◆ Input:

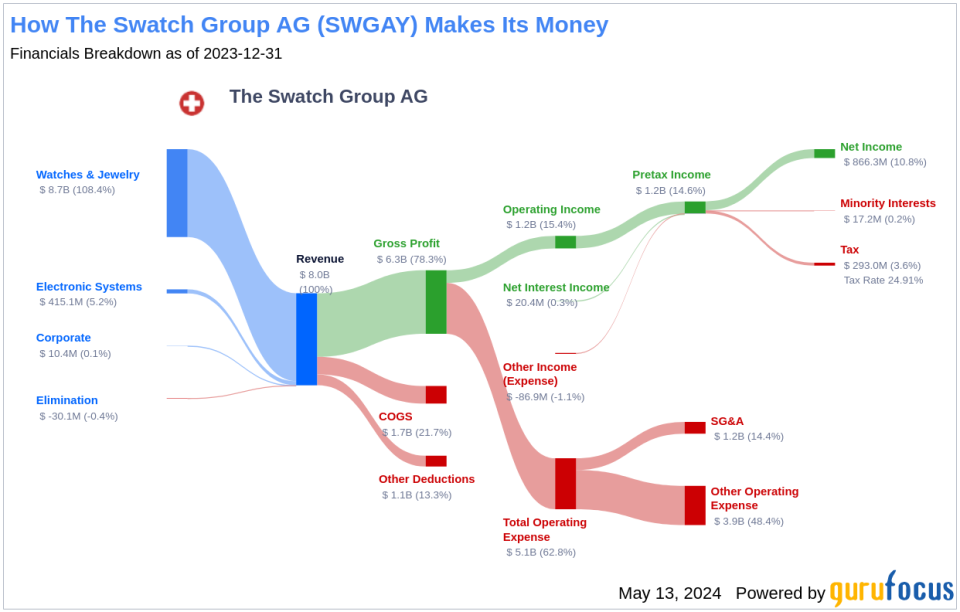 The Swatch Group AG's Dividend Analysis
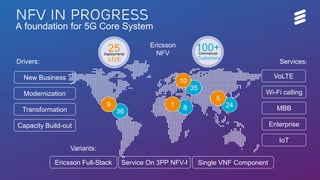 5G Platform update | © Ericsson AB 2017 | 2017-08-29
36
9
35
10
8 24
5
VoLTE
Services:
Wi-Fi calling
MBB
Enterprise
IoT
New Business
Drivers:
Modernization
Transformation
Capacity Build-out
Ericsson Full-Stack Service On 3PP NFV-I Single VNF Component
Variants:
25Deployments
LIVE
100+Commercial
Customers
NFV in progress
A foundation for 5G Core System
Ericsson
NFV
1
 
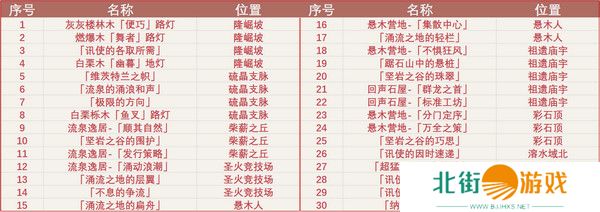 原神5.0纳塔奇馈宝箱位置在哪里 纳塔奇馈宝箱位置汇总[多图]图片2
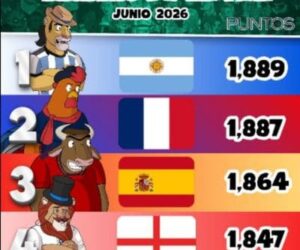 ¡ASÍ SE MUEVE EL TOP MUNDIAL! 🌍⚽🔥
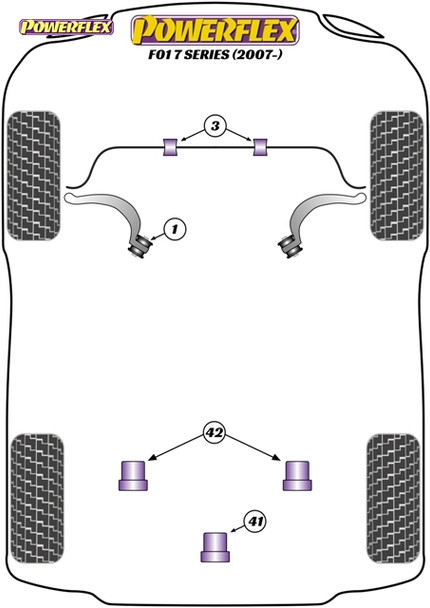 Powerflex Rear Diff Front Mounting Bush - BMW F01 7 Series (2007 - )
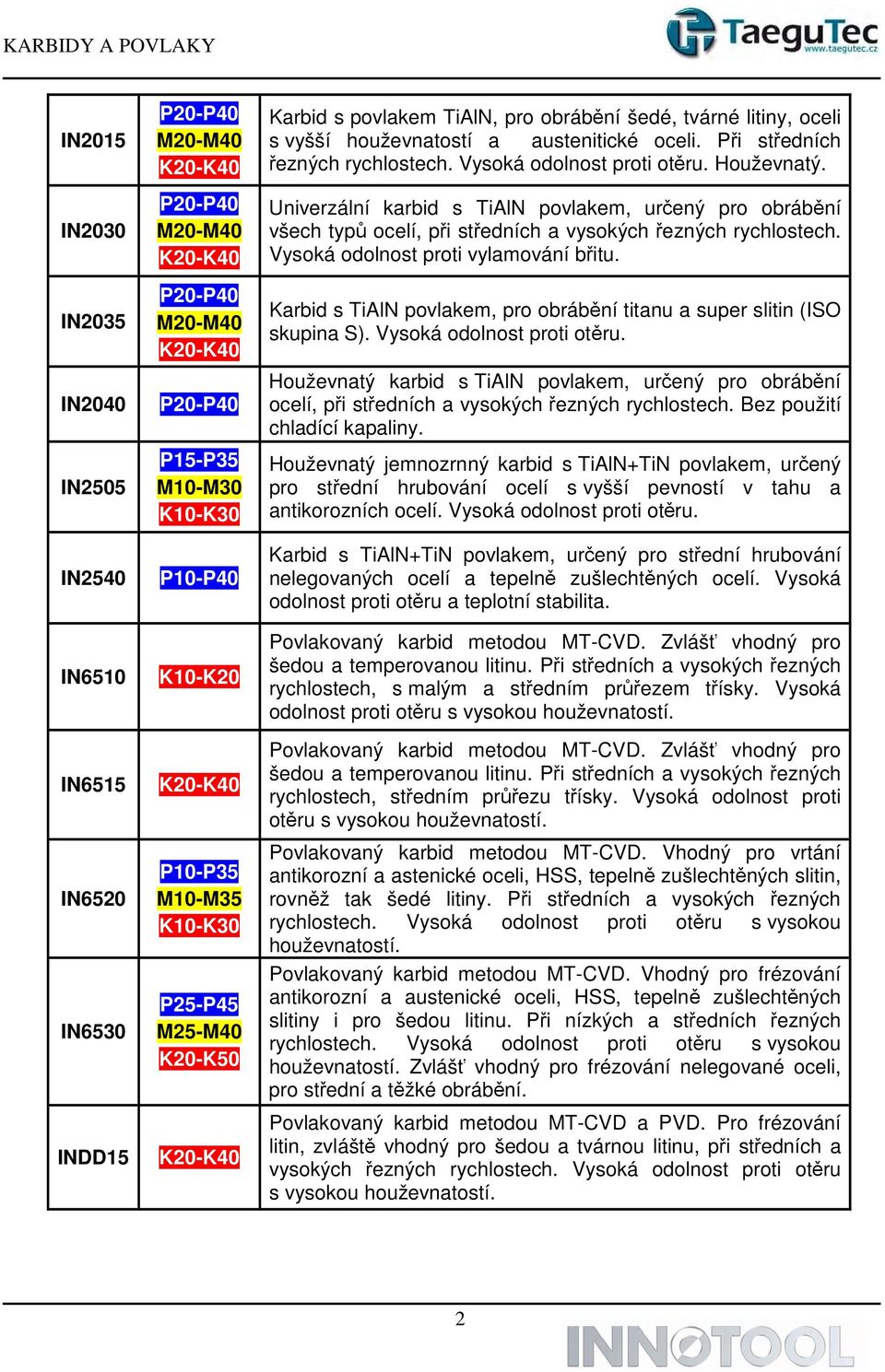 Univerzální karbid s TiAlN povlakem, určený pro obrábění všech typů ocelí, při středních a vysokých řezných rychlostech. Vysoká odolnost proti vylamování břitu.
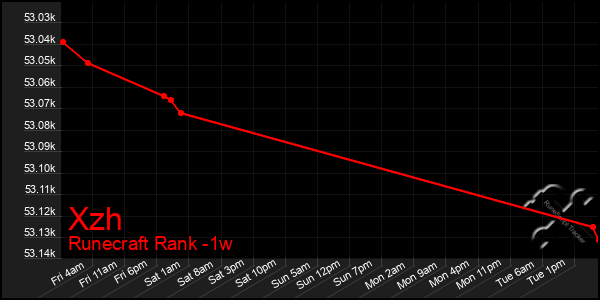 Last 7 Days Graph of Xzh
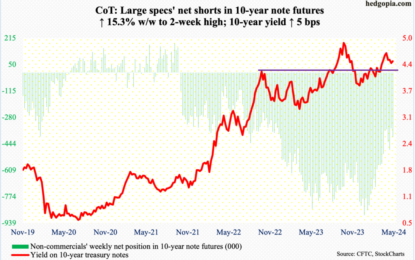 CoT – Peek Into Future Through Futures & How Hedge Funds Are Positioned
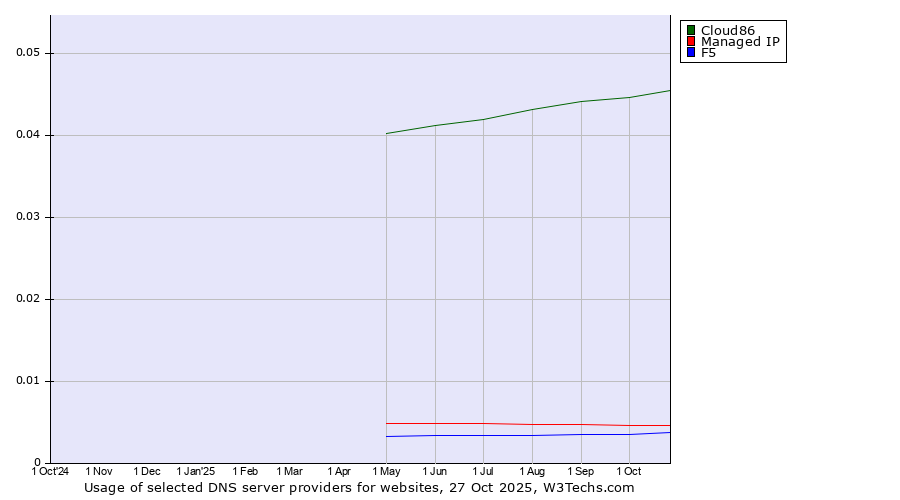 Historical trends in the usage of Cloud86 vs. Managed IP vs. F5
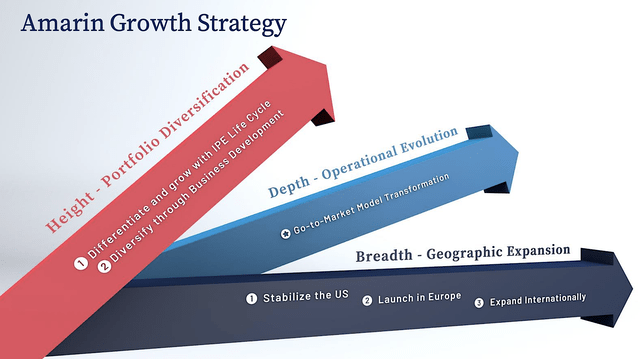 turnaround strategies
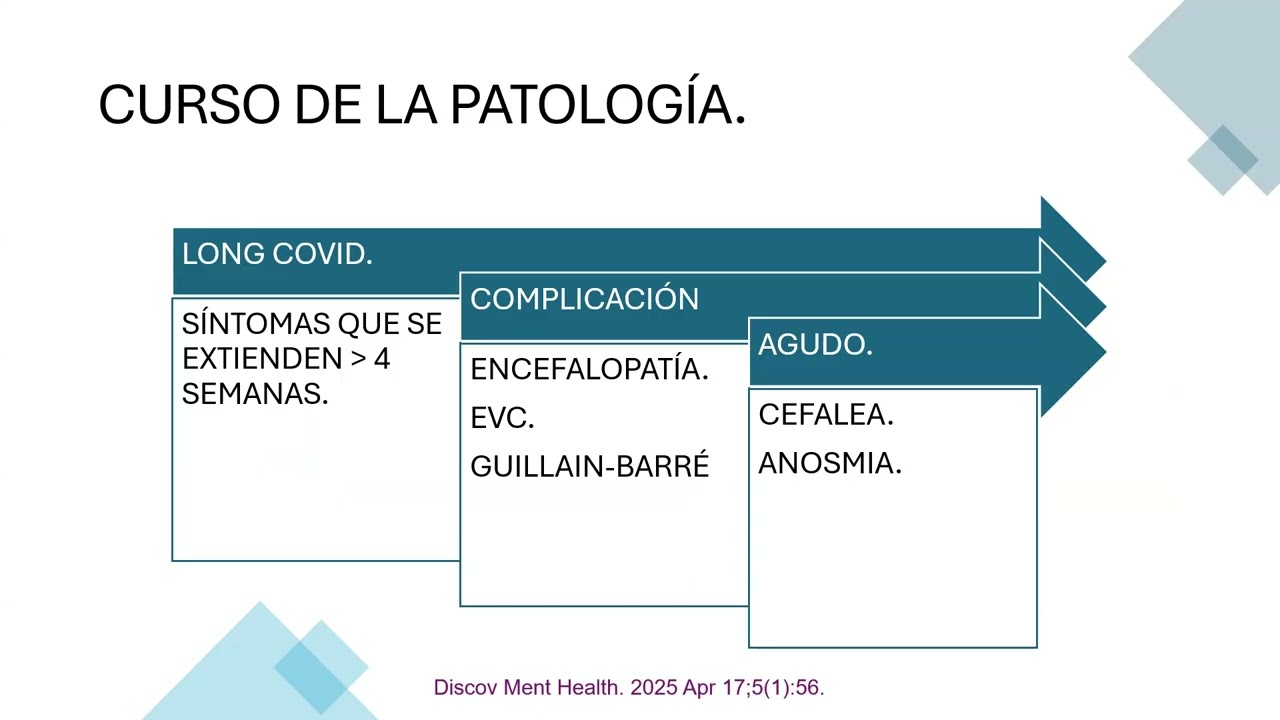Secuelas Neurológicas post- COVID en la persona adulta mayor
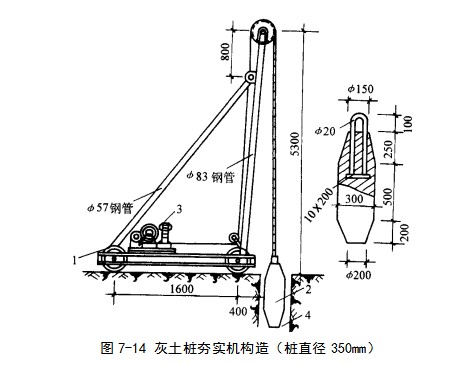 九江挤密桩地基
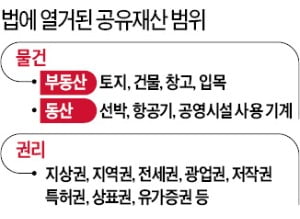 공유재산 해마다 느는데…서울·경기·인천 빼곤 '전담課'조차 없다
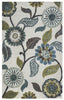 Rizzy Eden Harbor EH8642 Sage/Blue/Teal Area Rug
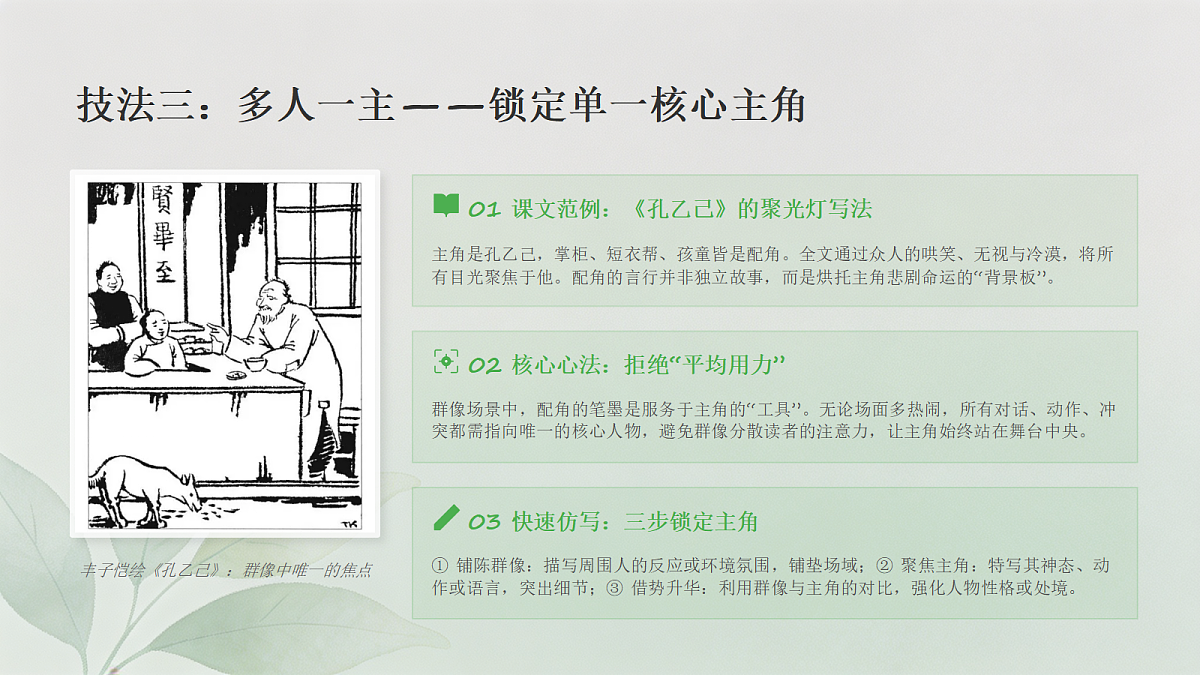 01 人物描写之主次分明(课件)第7页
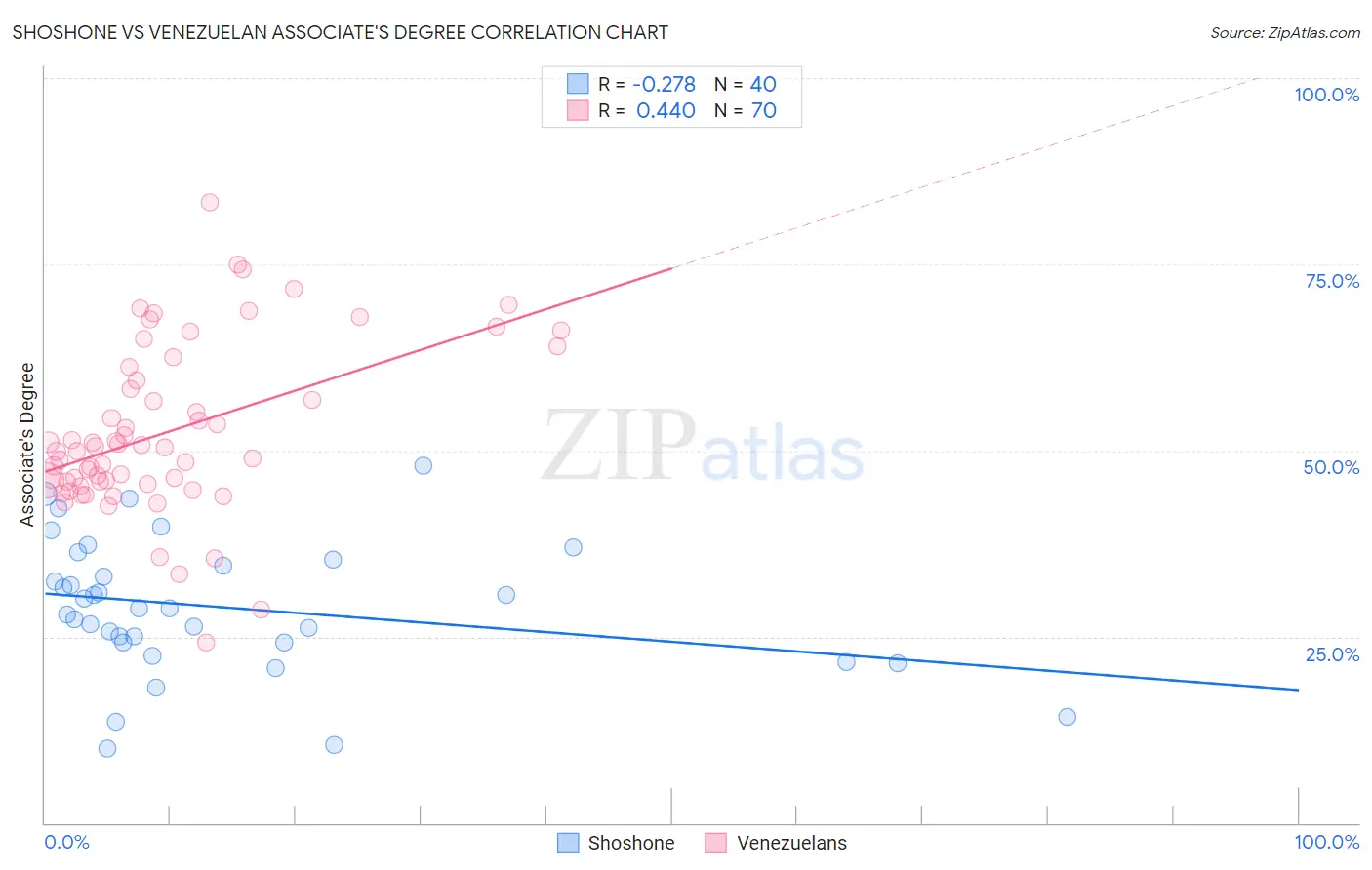 Shoshone vs Venezuelan Associate's Degree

◆ Assignment:
From the first line to the last, retype the data exactly, without images.

◆ The answer:
 The Swatch Group AG's Dividend Analysis
 5G Platform update | © Ericsson AB 2017 | 2017-08-29
36
9
35
10
8 24
5
VoLTE
Services:
Wi-Fi calling
MBB
Enterprise
IoT
New Business
Drivers:
Modernization
Transformation
Capacity Build-out
Ericsson Full-Stack Service On 3PP NFV-I Single VNF Component
Variants:
25Deployments
LIVE
100+Commercial
Customers
NFV in progress
A foundation for 5G Core System
Ericsson
NFV
1
 
 原神5.0纳塔奇馈宝箱位置在哪里 纳塔奇馈宝箱位置汇总[多图]图片2
 ¡ASÍ SE MUEVE EL TOP MUNDIAL! 🌍⚽🔥
 Powerflex Rear Diff Front Mounting Bush - BMW F01 7 Series (2007 - )
 Univerzální karbid s TiAlN povlakem, určený pro obrábění všech typů ocelí, při středních a vysokých řezných rychlostech. Vysoká odolnost proti vylamování břitu.
 Last 7 Days Graph of Xzh
 CoT – Peek Into Future Through Futures & How Hedge Funds Are Positioned
 Historical trends in the usage of Cloud86 vs. Managed IP vs. F5
 turnaround strategies
Secuelas Neurológicas post- COVID en la persona adulta mayor
 九江挤密桩地基
 공유재산 해마다 느는데…서울·경기·인천 빼곤 '전담課'조차 없다
 Rizzy Eden Harbor EH8642 Sage/Blue/Teal Area Rug
 01 人物描写之主次分明(课件)第7页
 Shoshone vs Venezuelan Associate's Degree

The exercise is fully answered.